EXERCISE DESCRIPTION: A faithful copy is needed of the lines below from the one with "Veranda Guest House-3" up to and including the one with "Image de Levier"; set it down with no pictures and no other lines.
MATERIAL PROVIDED Start Marker
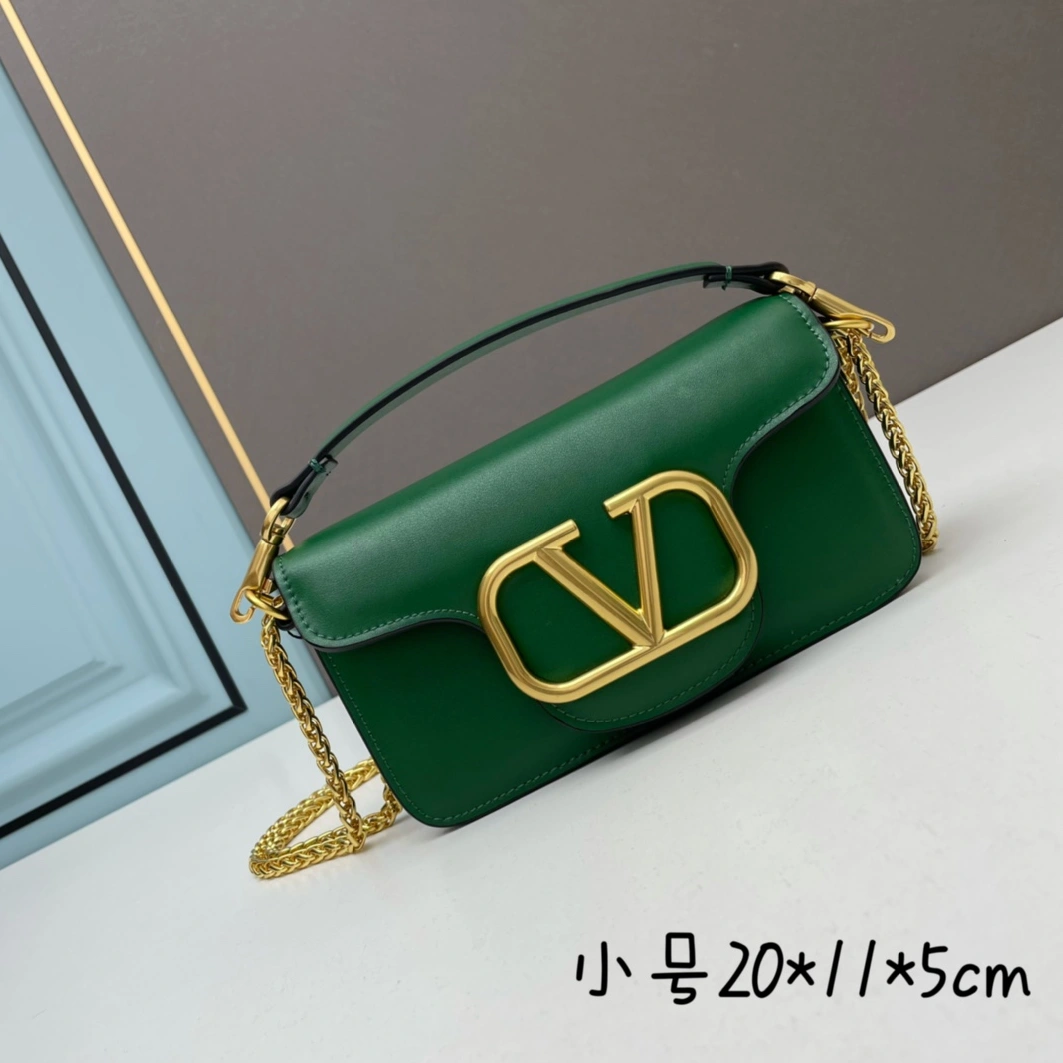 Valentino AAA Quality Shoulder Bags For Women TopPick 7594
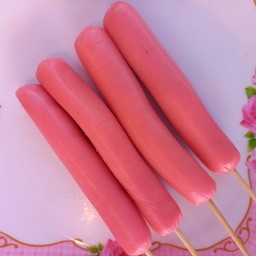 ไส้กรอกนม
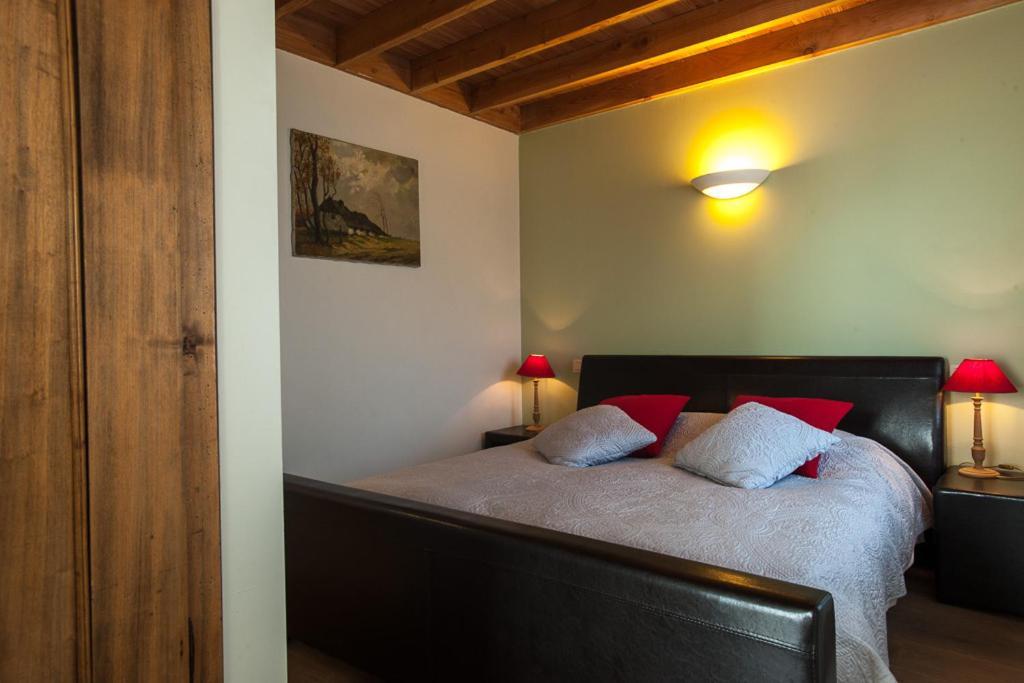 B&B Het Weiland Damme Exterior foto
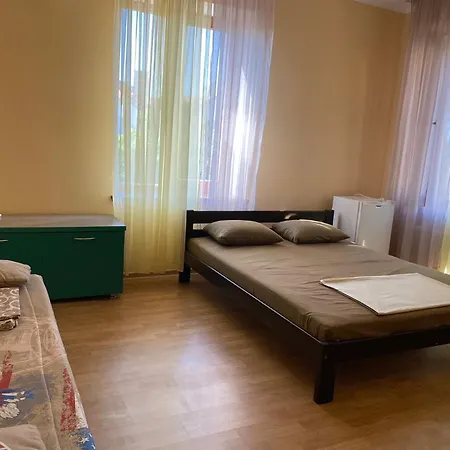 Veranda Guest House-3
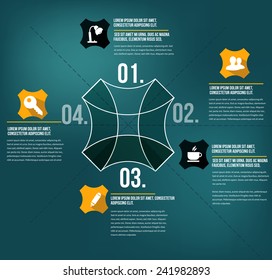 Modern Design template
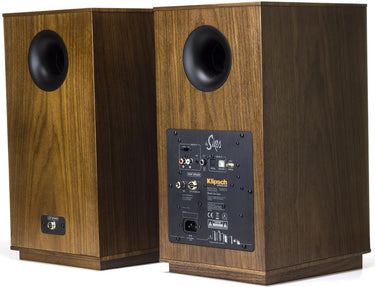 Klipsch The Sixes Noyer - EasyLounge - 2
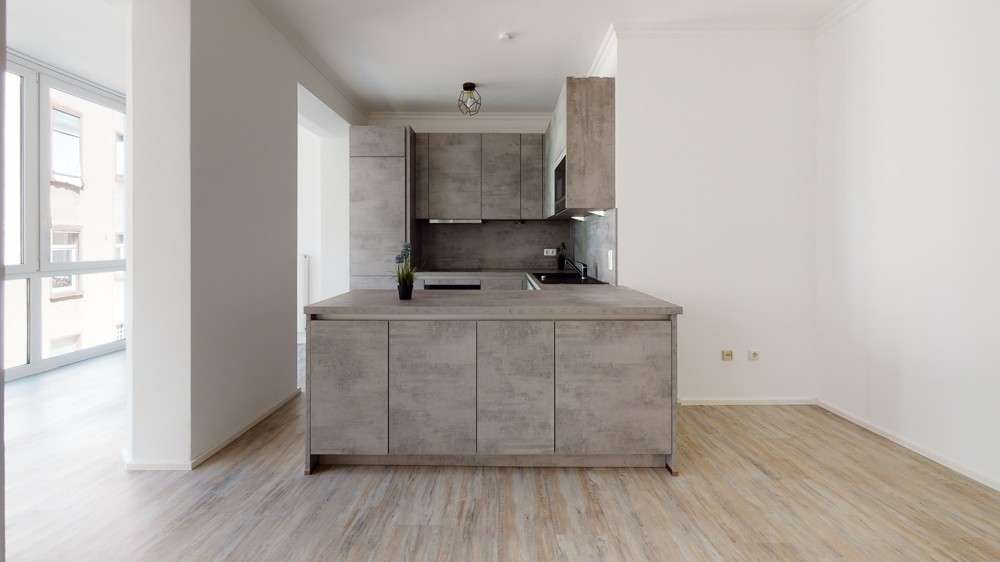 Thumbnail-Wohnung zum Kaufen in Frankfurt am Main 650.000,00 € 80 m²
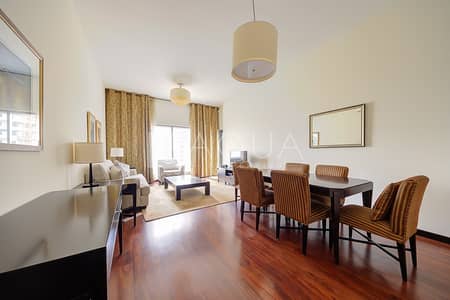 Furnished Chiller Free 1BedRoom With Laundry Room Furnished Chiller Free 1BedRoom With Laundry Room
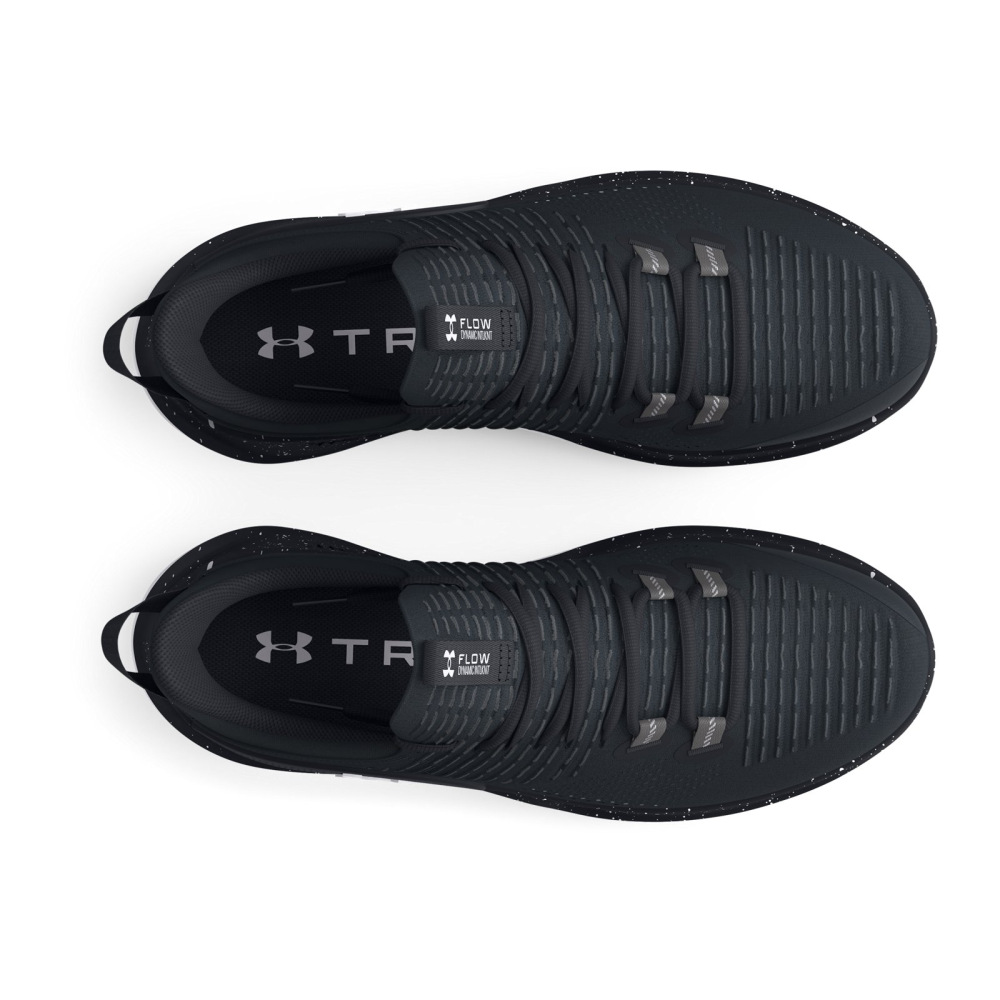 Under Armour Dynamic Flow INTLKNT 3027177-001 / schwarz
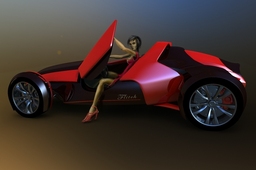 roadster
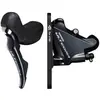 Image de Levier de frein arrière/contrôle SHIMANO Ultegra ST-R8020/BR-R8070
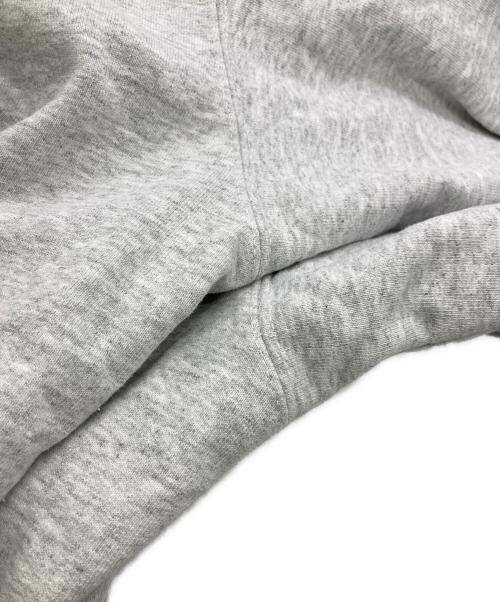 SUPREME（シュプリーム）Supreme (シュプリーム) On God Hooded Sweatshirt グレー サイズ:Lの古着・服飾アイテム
MATERIAL PROVIDED End Marker
TASK RESPONSE:
 Veranda Guest House-3
 Modern Design template
 Klipsch The Sixes Noyer - EasyLounge - 2
 Thumbnail-Wohnung zum Kaufen in Frankfurt am Main 650.000,00 € 80 m²
 Furnished Chiller Free 1BedRoom With Laundry Room Furnished Chiller Free 1BedRoom With Laundry Room
 Under Armour Dynamic Flow INTLKNT 3027177-001 / schwarz
 roadster
 Image de Levier de frein arrière/contrôle SHIMANO Ultegra ST-R8020/BR-R8070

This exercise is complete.